[Opening Information supplied section]
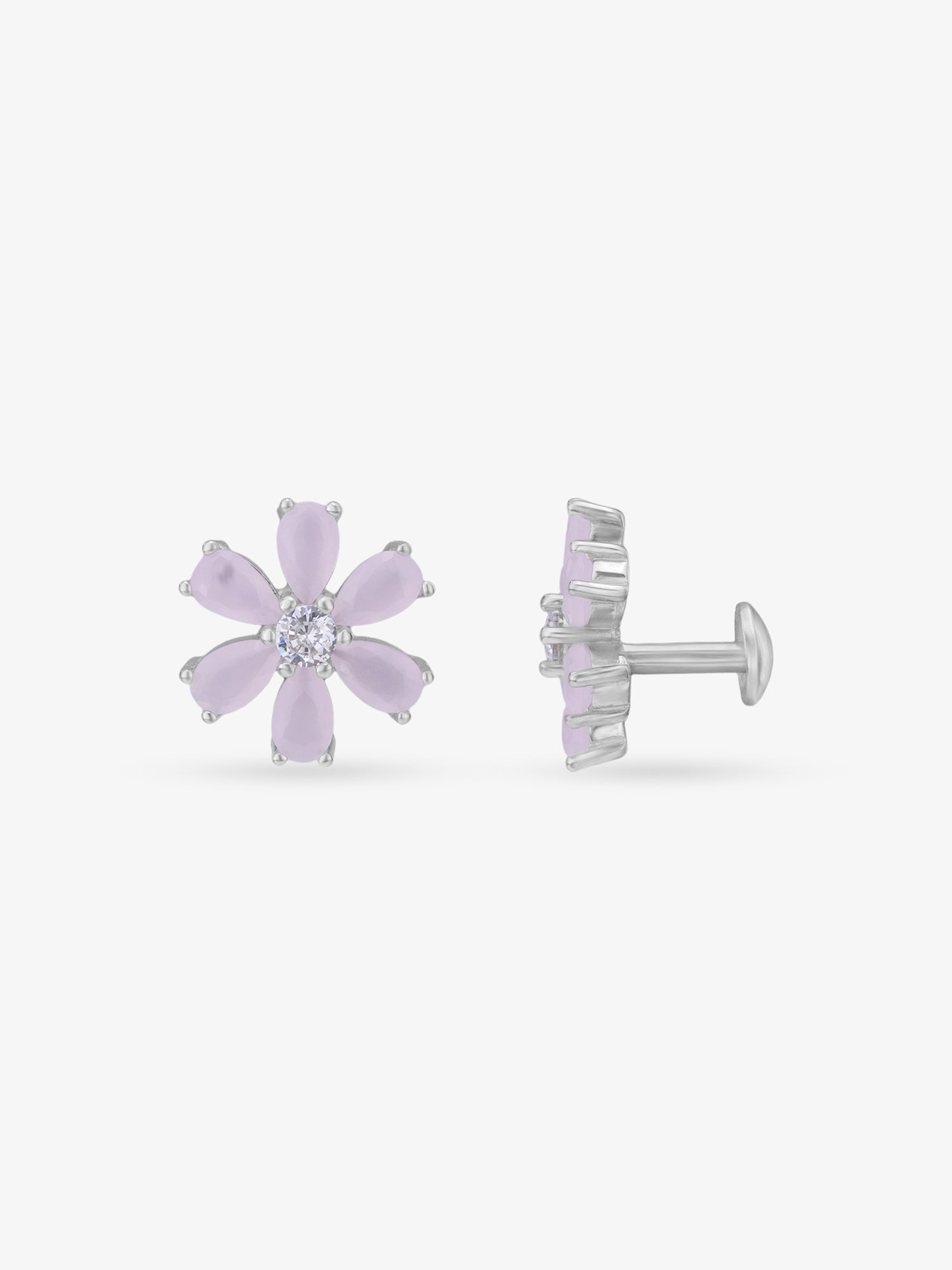 Side profile of SIJA 925 Silver Bloom Stud sterling silver jewellery elegant accessory durable construction polished edges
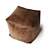 Elegant Leather Ottoman 3D model small image 1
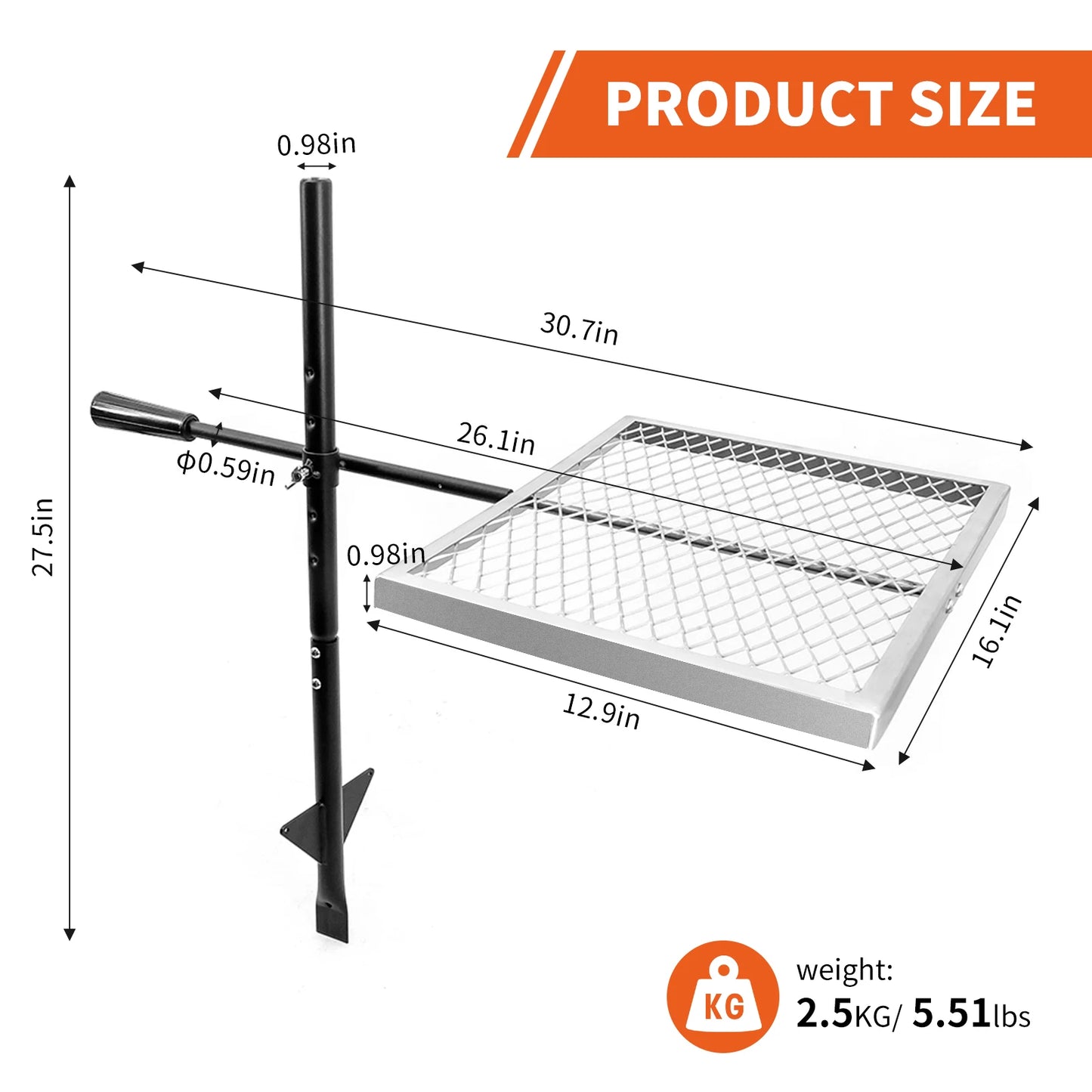 360 ° Swivel Campfire Grill Camp Grill Grate over Fire Pit Portable Grill Rack for Camping Cooking Barbecue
[Closing Information supplied section]
Task directions:
"Elegant Leather Ottoman" marks the first line to be returned; return exactly that line and every line after it through the last line of the listing, omitting pictures.

Solution for this exercise:
 Elegant Leather Ottoman 3D model small image 1
 360 ° Swivel Campfire Grill Camp Grill Grate over Fire Pit Portable Grill Rack for Camping Cooking Barbecue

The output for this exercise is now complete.